_DATA SECTION_.
-- Opening Marker --
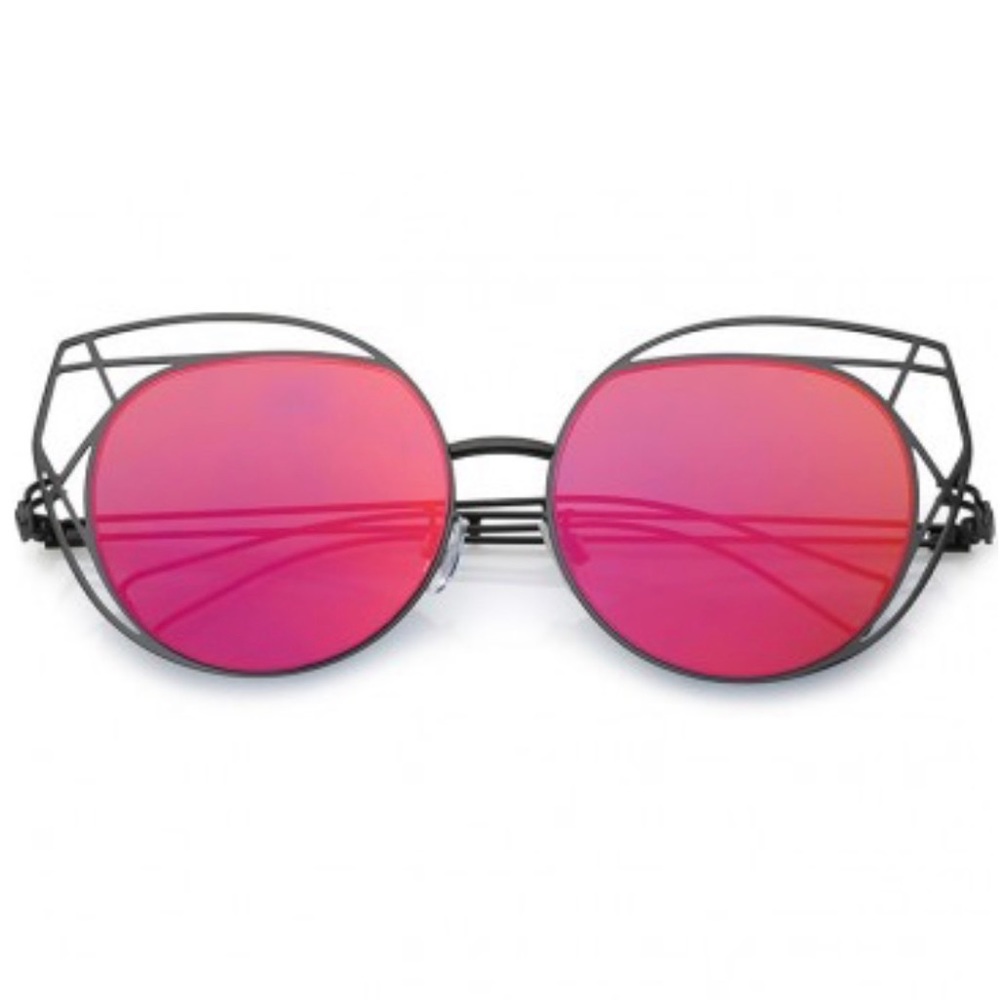 Metallic Metal Geometric Sunglasses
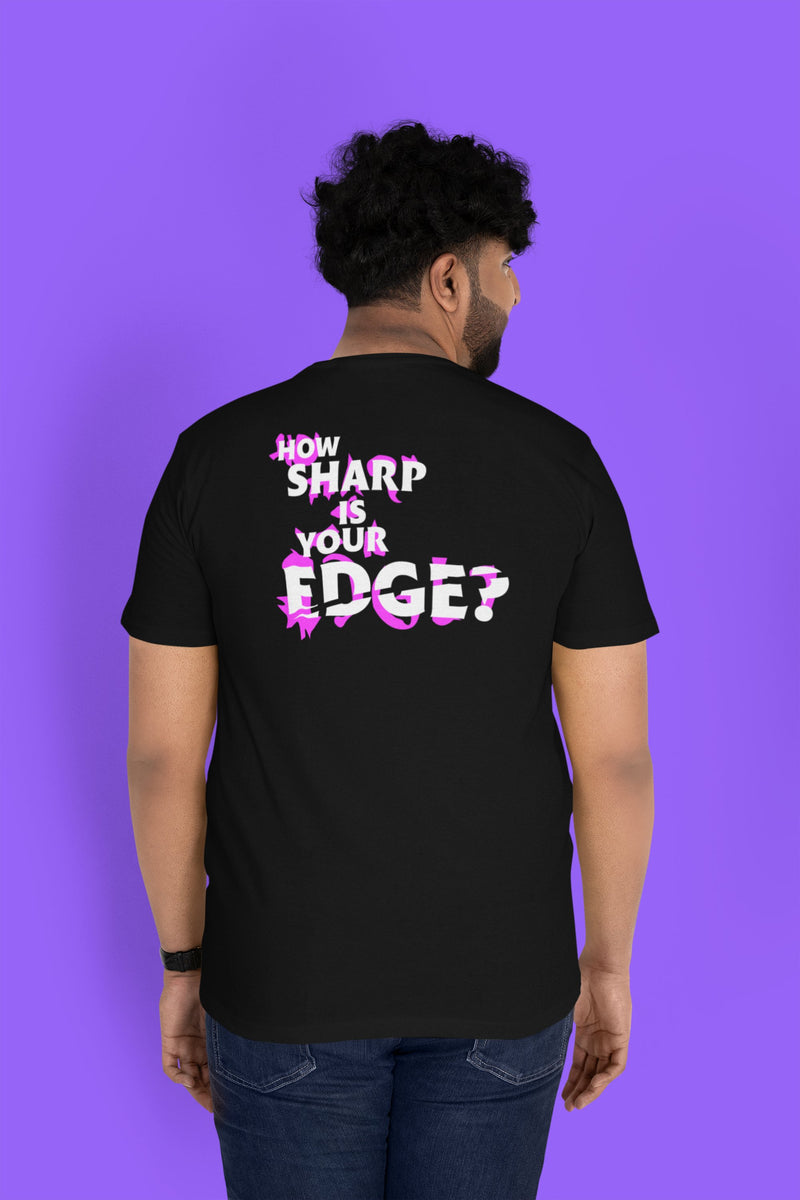Load image into Gallery viewer, Edge WWF How Sharp Is Your Edge Mens Black T-shirt by EWS | Extreme Wrestling Shirts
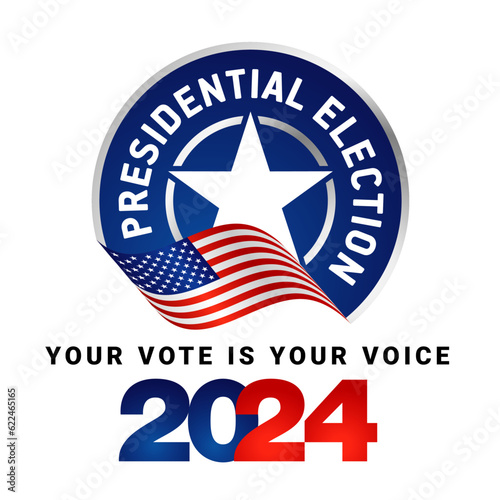 USA Presidential Election 2024. USA flag. Voting Day 2024 Election in USA, Political election campaign emblem logo photo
-- Closing Marker --
_WHAT TO WORK ON_. Print, exactly and only, the lines running from the line with "Load image into" through the last line of the data, including both. Skip any picture.

_EXPECTED OUTPUT_.
Load image into Gallery viewer, Edge WWF How Sharp Is Your Edge Mens Black T-shirt by EWS | Extreme Wrestling Shirts
 USA Presidential Election 2024. USA flag. Voting Day 2024 Election in USA, Political election campaign emblem logo photo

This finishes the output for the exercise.